Sam Jones in San Lorenzo de El Escorial
Apesar de permanecer imperiosamente numa encosta de montanha perto de Madrid durante quase cinco séculos, o mosteiro real de San Lorenzo de El Escorial ainda não desistiu de todos os seus tesouros – ou de todos os seus segredos.
Quarenta anos depois de ter sido incluído no Lista do Patrimônio Mundial da Unescoo austero monumento de Filipe II ao poder, à piedade e ao mecenato está a passar por uma grande reorganização que permitirá aos visitantes desfrutar da paz de um pátio monástico anteriormente proibido e observar pinturas antes reservadas ao olhar real.
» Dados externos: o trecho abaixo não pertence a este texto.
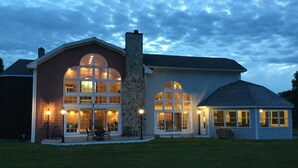 A large house with a stone chimney, large arched windows, and a small attached structure. - Walk to Drakes Island Beach, Large Kitchen & Yard, Theater & Gym! Very Private (Wells)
O projecto de dois anos, tornado possível graças a 6,5 milhões de euros (5,4 milhões de libras) de fundos da UE, visa reintroduzir visitantes no local de 33.327 metros quadrados, um enorme testemunho do poder imperial e cultural da época dourada de Espanha.
El Escorial, 35 milhas a noroeste de Madrid, foi a realização do sonho de Filipe II de construir um mosteiro num “deserto”, longe das pessoas e de outros edifícios. Sua visão, que levou 21 anos para ser concluída, envolveu a genialidade de dois arquitetos: Juan Bautista de Toledo, que trabalhou com Michelangelo em Roma, e, mais tarde, Juan de Herrera, que aproveitou ao máximo o conhecimento logístico que adquiriu enquanto lutando na Flandres pelo pai de Filipe, Carlos V.
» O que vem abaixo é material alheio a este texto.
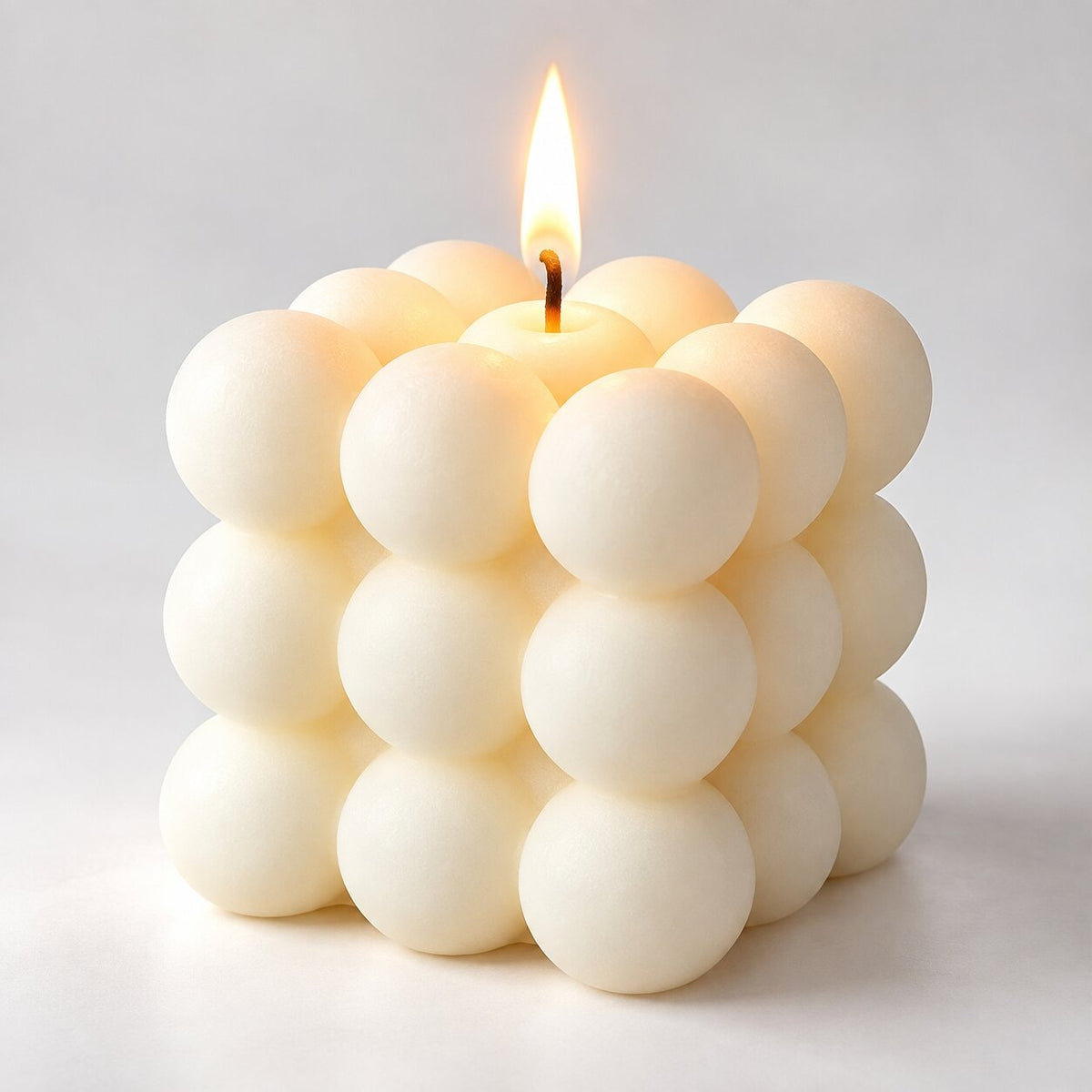 Bubble cube candle with a lit wick - cream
“Este lugar estava longe de qualquer outro lugar quando foi fundado; não era um deserto literal, mas era uma espécie de deserto”, diz Luis Pérez de Prada, chefe de edifícios e meio ambiente da instituição de patrimônio nacional da Espanha, Patrimonio Nacional. “Foi um trabalho incrível e mostra a capacidade da humanidade de criar algo no meio do nada.”
Embora El Escorial não seja um destino desconhecido – recebeu mais de 450.000 visitantes no ano passado – Pérez de Prada e os seus colegas estão empenhados em oferecer às pessoas uma nova perspectiva, literal e metaforicamente.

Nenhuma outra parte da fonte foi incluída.